The United States loves it some sodium.
So much so that it's more generous with putting it in food products than other countries. A new study in the Canadian Health Journal CMAJ showed "substantial variation" in the average salt content for different types of food products, fast-food products in particular.
In fact, the study found that U.S. fast food may in fact be the saltiest in the world, according to the New York Daily News.
After analyzing McDonald's Chicken McNuggets from the United Kingdom, France, the U.S., Canada and New Zealand, the Daily News reported that researchers found the American version had the highest sodium content – 1.6 grams of salt per 100 grams.
Compare that to the U.K.'s 0.6. (Our Canadian neighbors to the north, notably, were only 0.1 grams behind the United States' 1.6.)
Fast food's seeming omnipresence in South L.A. led to a moratorium on building new fast-food restaurants in the area starting in 2008, something which was subsequently extended and ultimately made permanent in the winter of 2010. That effort, spearheaded by L.A. City Councilwoman Jan Perry, was aimed at finding a way to get more healthy food options in the area. The prevalence of fast-food joints exacerbates the southside's disparate obesity problem.

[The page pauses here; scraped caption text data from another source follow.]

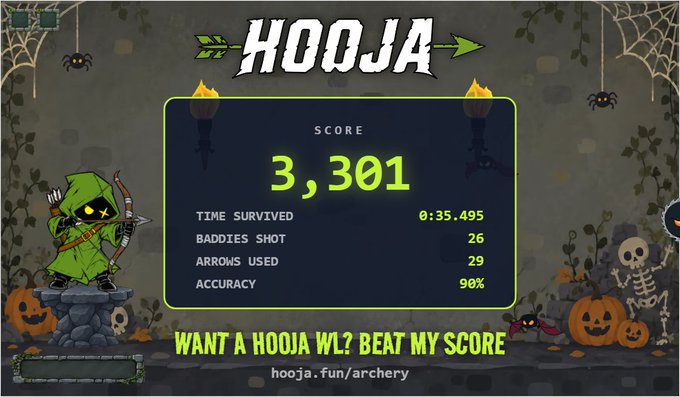 A game over screen for a Halloween-themed archery game called 'HOOJA', displaying a score of 3,301 with 90% accuracy, alongside cartoon characters like a grim reaper and skeleton.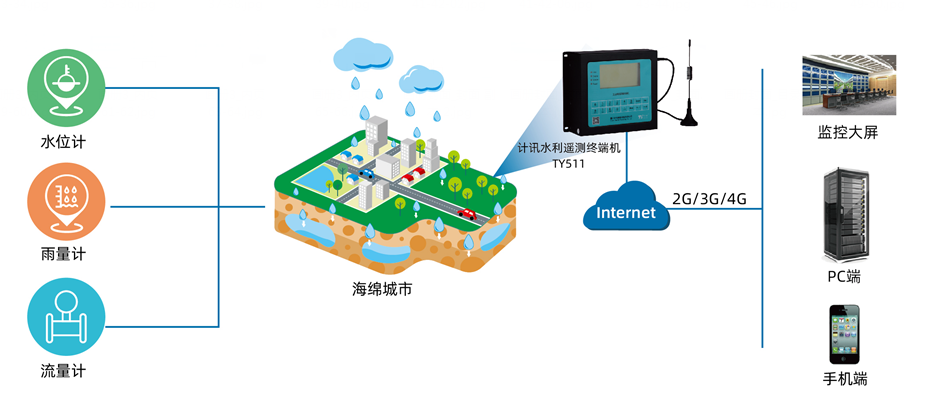 ���Ѓȝ��O�y�A��ϵ�y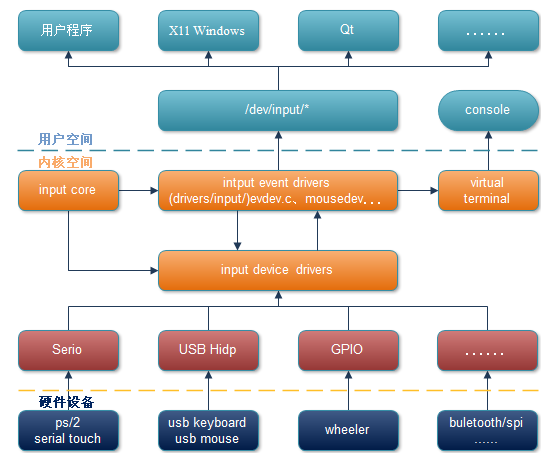 Linux輸入子系統框架原理解析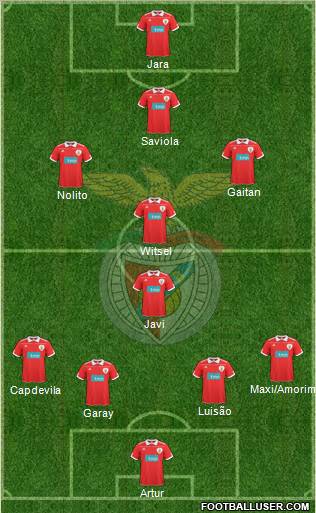 Sport Lisboa e Benfica - SAD Formation 2011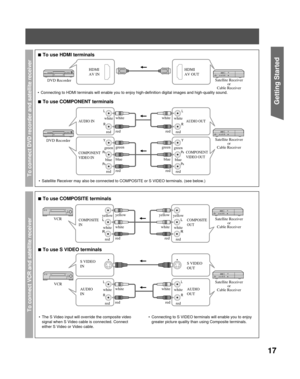 Page 1717
Getting Start ed
To connect DVD recorder and satellite receiver
To connect VCR and satellite receiver
To use HDMI terminals■
To use COMPONENT terminals■
To use COMPOSITE terminals■
To use S VIDEO terminals■
Connecting to HDMI terminals will enable you to enjoy high-definition digital images and high-quality sound. •
Satellite Receiver may also be connected to COMPOSITE or S VIDEO terminals. (see below.) •
The S Video input will override the composite video 
signal when S Video cable is connected....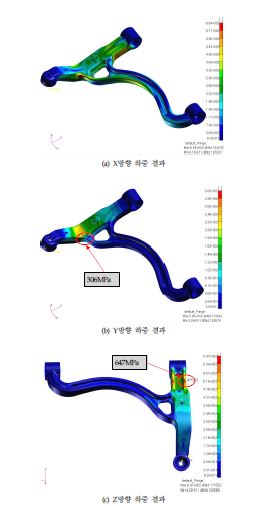 로워암 해석 결과(Von mises Stress)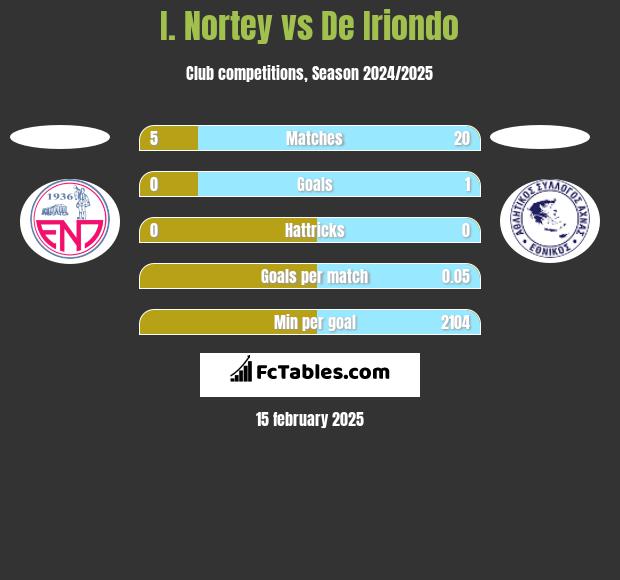 I. Nortey vs De Iriondo h2h player stats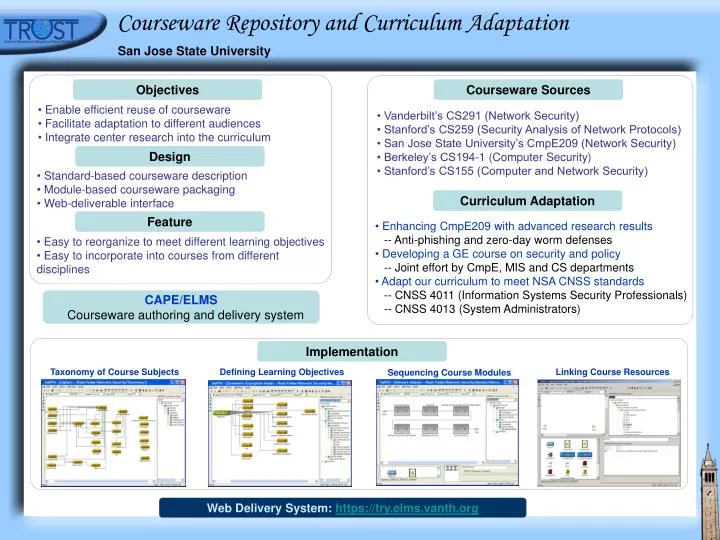 courseware repository and curriculum adaptation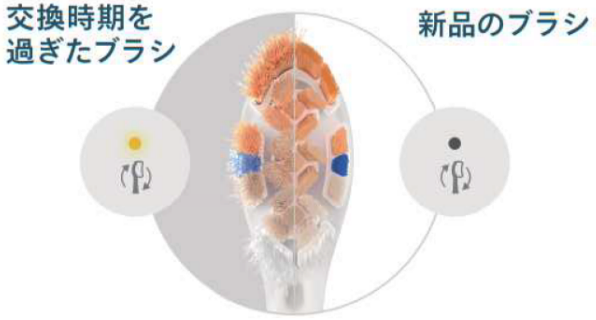 RFID対応ブラシヘッドにはブラシヘッド交換お知らせ機能を搭載しています。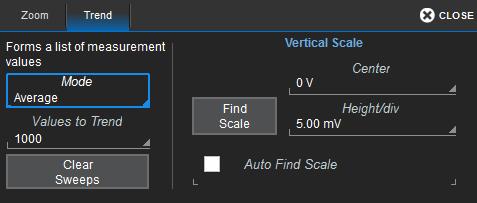 WaveSurfer 510 Oscilloscope Operator's Manual Gating Measurements By using gates, you can narrow the span of the waveform on which to perform tests and measurements, allowing you to focus on the area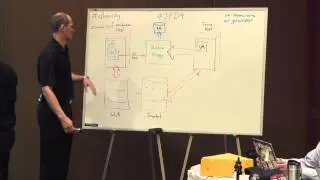 Veeam Backup v7 Storage Snapshot Demonstration
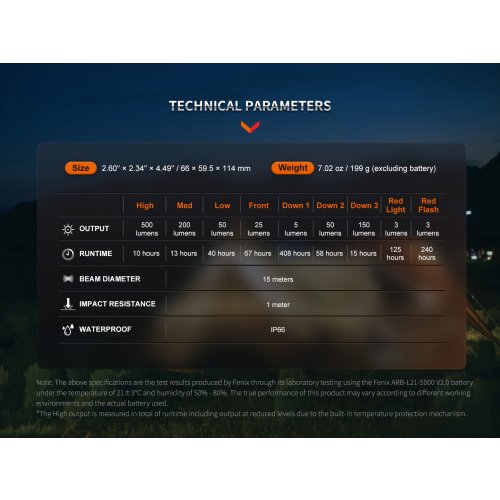 Nabíjecí lucerna Fenix CL26R PRO - mramorová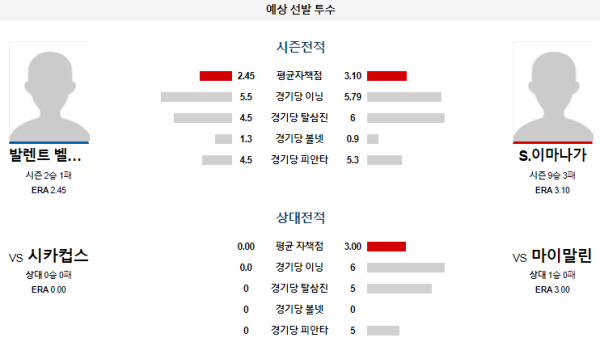 예상선발투수 V.벨로조 S.이마나가 마이애미 시카고컵스 메이저리그 분석 8월25일 05:10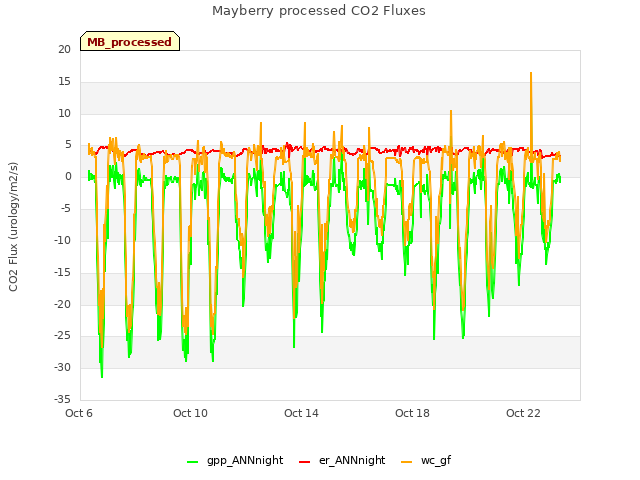 Explore the graph:Mayberry processed CO2 Fluxes in a new window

But researchers cautioned that fast-food isn't necessarily the culprit – food in the U.S. in general just has higher sodium content.
"If you go to an expensive restaurant, it is just as unhealthy," study author Dr. Norm Campbell told Time. "You just paid more money for it. You're no better off. If you go to the grocery store and you buy packaged food, it is just as bad. It's a much larger issue."
Campbell told Time that the unhealthily high levels of sodium aren't the fast-food industry's fault – instead, he blamed the government.
"These are federal government responsibilities," he said. "The fast food industries are responsible for their shareholders. They are not responsible for the health of the population. We elect politicians who have responsibility to oversee the changes in added salt and sugars in our foods that are killing us."
The Centers for Disease Control and Prevention is more than familiar with CMAJ's findings, having already released a report in February that nine out of 10 Americans consume too much sodium.
Some in South L.A. disagree with Campbell, and believe that fast-food chains like McDonald's do have a responsibility to the health of their consumers.
"In our policy recommendations, we've never said fast-food restaurants cannot sell the food items they want," Breanna Morrison, a policy analyst for Community Health Councils, told OnCentral in March. "We're just saying that if you're going to monopolize the food items that are offered in the community, that you provide a diversity of options so that there can be a more equitable access to healthy food in our community, especially if the type of food they sell has negative health outcomes."